Linux-mm Archive on lore.kernel.org
 help / color / Atom feed
From: Naoya Horiguchi <n-horiguchi@ah.jp.nec.com>
To: linux-mm@kvack.org, linux-kernel@vger.kernel.org
Cc: Michal Hocko <mhocko@kernel.org>,
	Andrew Morton <akpm@linux-foundation.org>,
	Mike Kravetz <mike.kravetz@oracle.com>,
	xishi.qiuxishi@alibaba-inc.com,
	Laurent Dufour <ldufour@linux.vnet.ibm.com>
Subject: [RFC][PATCH v1 08/11] mm: soft-offline: isolate error pages from buddy freelist
Date: Fri,  9 Nov 2018 15:47:12 +0900
Message-ID: <1541746035-13408-9-git-send-email-n-horiguchi@ah.jp.nec.com> (raw)
In-Reply-To: <1541746035-13408-1-git-send-email-n-horiguchi@ah.jp.nec.com>

Soft-offline shares PG_hwpoison with hard-offline to keep track
of memory error, but recently we found that the approach can be
undesirable for soft-offline because it never expects to stop
applications unlike hard-offline.

So this patch suggests that memory error handler (not only sets
PG_hwpoison, but) isolates error pages from buddy allocator in
its context.

In previous works [1], we allow soft-offline handler to set
PG_hwpoison only after successful page migration and page freeing.
This patch, along with that, makes the isolation always done via
set_hwpoison_free_buddy_page() with zone->lock, so the behavior
should be less racy and more predictable.

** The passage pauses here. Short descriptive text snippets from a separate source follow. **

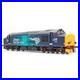 Accurascale Class 37 37696 DCC Sound OO Gauge Locomotive
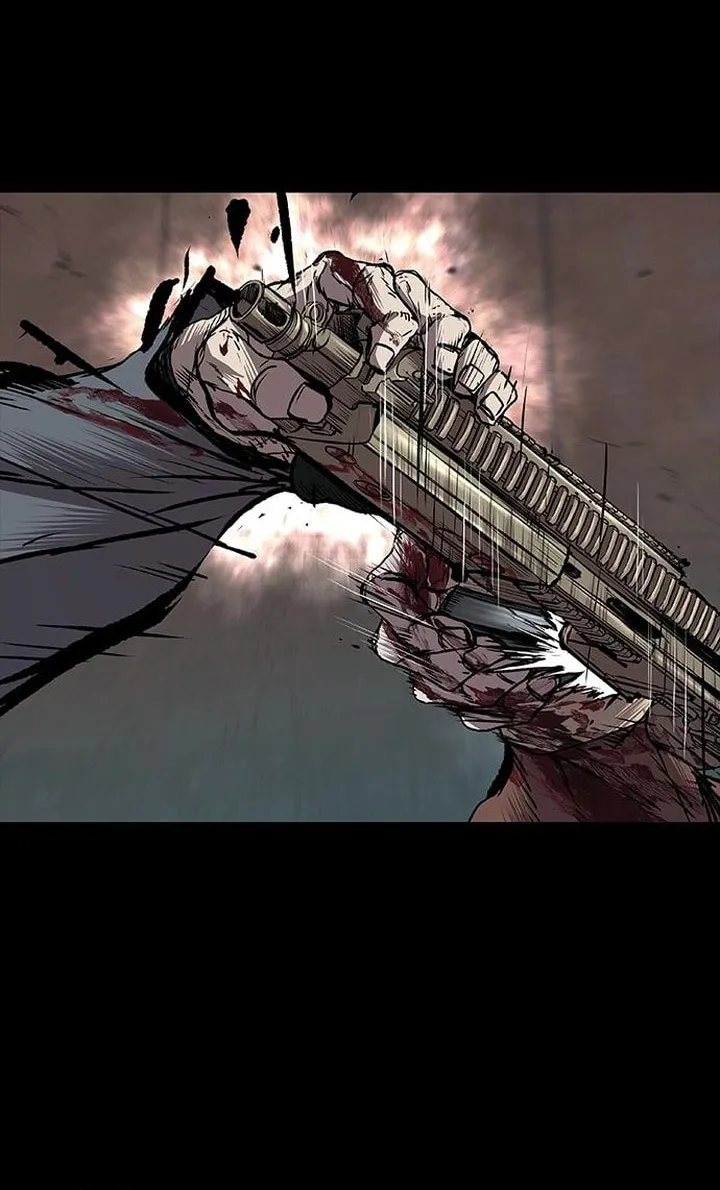 Castle 2: Pinnacle Chapter 59 page 57 - 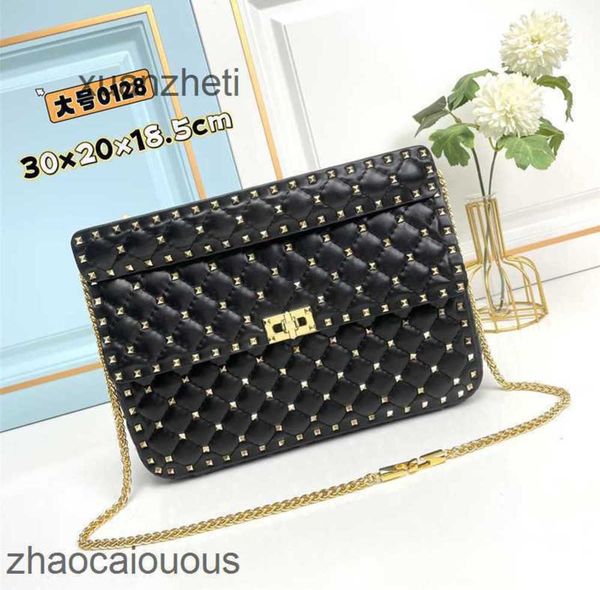 sheepskin valantinos women diamond new designer luxury handbag bag bag handbags crossbody beach bags rivet small leather large capacity hand
sheepskin valantinos women diamond new designer luxury handbag bag bag handbags crossbody beach bags rivet small leather large capacity hand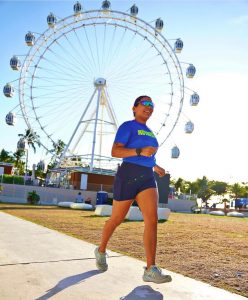 CESMAC participa do Salto Azul e reforça compromisso com inclusão e formação acadêmica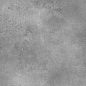 164398 Valentino Dark Grey 60x60 Pardis Ceramic Pazh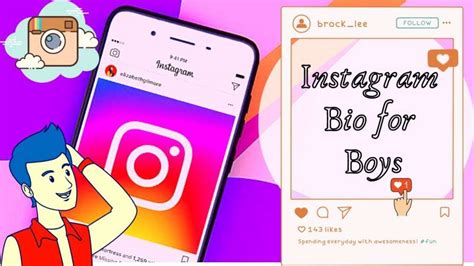 Attitude Captions Bad Boy Captions For Instagram In Hindi Daily Quotes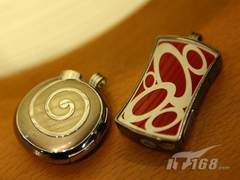 刻上她的名字 AEAPPLE美国苹果数码MP3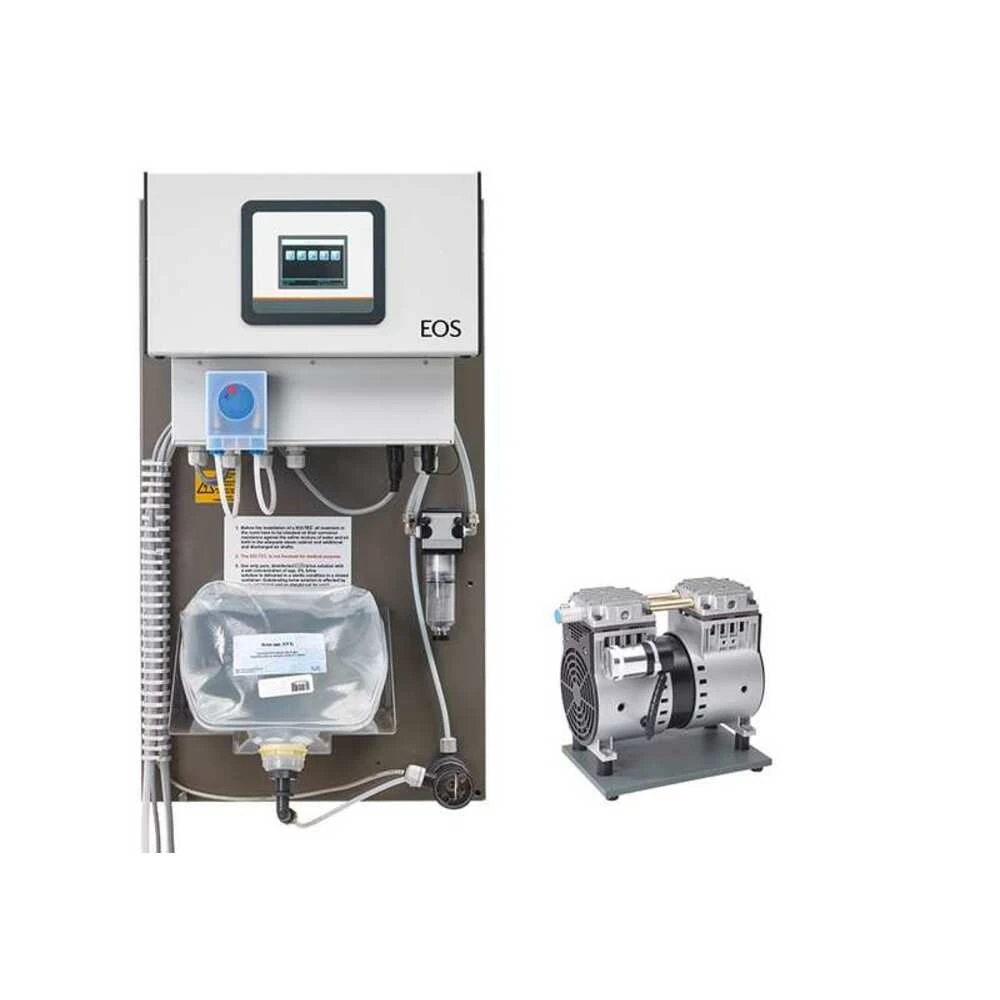 eos-soltec-ii-sl-soledosierstation-touchscreen-3-2-l-h image 1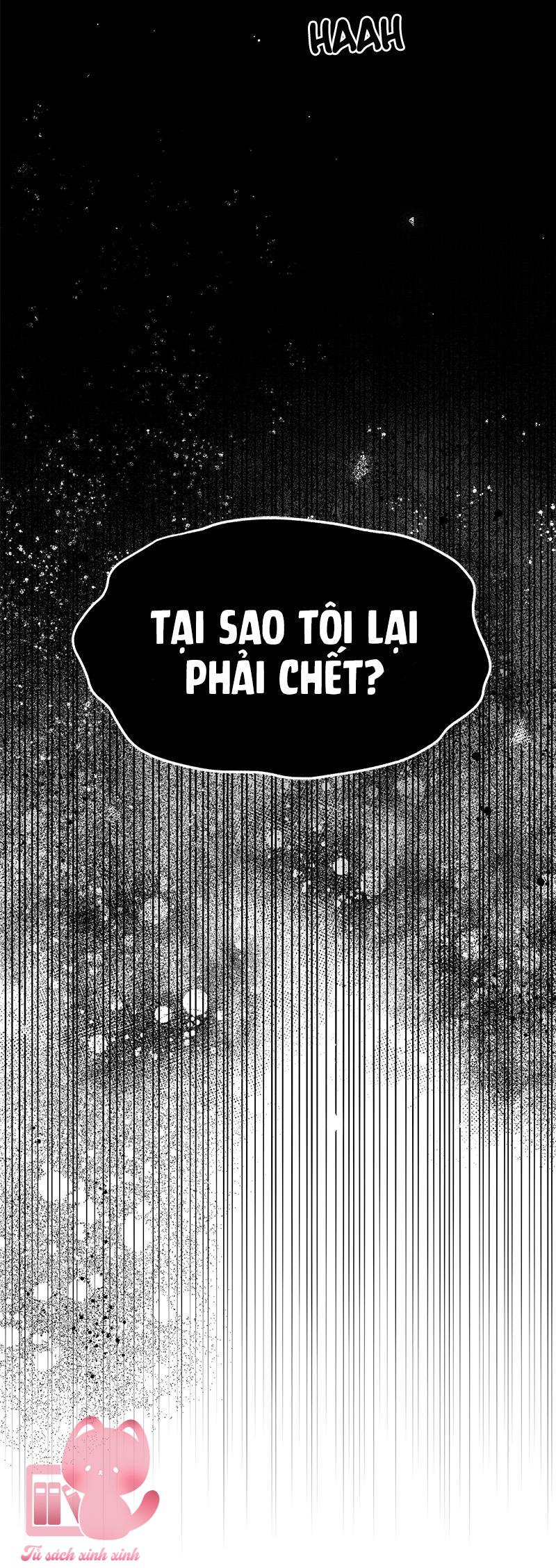 Xâm Nhập Trường Trung Học Tài Phiệt - Chap 62 - Trang 40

Note that only considering for isolation, we don't have to set
PG_hwpoison, but my analysis shows that to make memory hotremove
properly work, we still need some flag to clearly separate memory
error from any other type of pages. So this patch doesn't change this.

[1]:
  commit 6bc9b56433b7 ("mm: fix race on soft-offlining free huge pages")
  commit d4ae9916ea29 ("mm: soft-offline: close the race against page allocation")

Signed-off-by: Naoya Horiguchi <n-horiguchi@ah.jp.nec.com>
---
 mm/memory-failure.c |  8 +++---
 mm/page_alloc.c     | 71 ++++++++++++++++++++++++++++++++++++++++++++++++-----
 2 files changed, 70 insertions(+), 9 deletions(-)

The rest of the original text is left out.